Macross has never been about the mech combat for me, so while it's always a fun part of the show, not being the focus never bothered me because I feel like it isn't meant to be. I totally get that other people come to it for the mechs, though.

That's true. I mean, SDF Macross wasn't a giant robot show. I think we can all agree to that. It was a drama balancing character development and the sci-fi war setting.  

But I have to say that Delta, and Macross 7, do have that giant robot feeling to them, where the valk battles are by the numbers, as you guys have mentioned.

The difference with Delta as a giant robot show, is that the valks are heavily detailed, unlike 7. But the action scenes themselves are still by the numbers.

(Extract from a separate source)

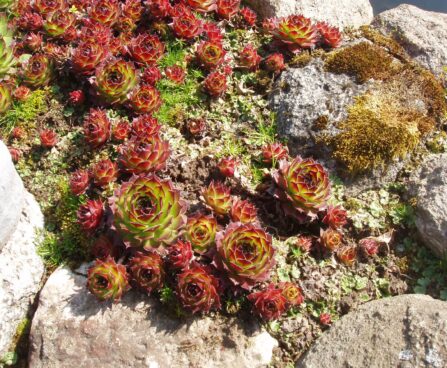 947_1602_Sempervivum_7_R.JPG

Kawamori had mentioned that Delta was to be a cross between Plus and 7.  I thought this meant combining drama and kitch.  But it seems he just meant that the valks would be well-designed, not necessarily in a dramatic or sci-fi heavy sense.  

So I dont think it would work for the movie to be so different from the series in that sense. It is what it is.

But I do think that the girl group concept can be executed at a more consistent standard, just as the double divas where executed extraordinarily well in Frontier.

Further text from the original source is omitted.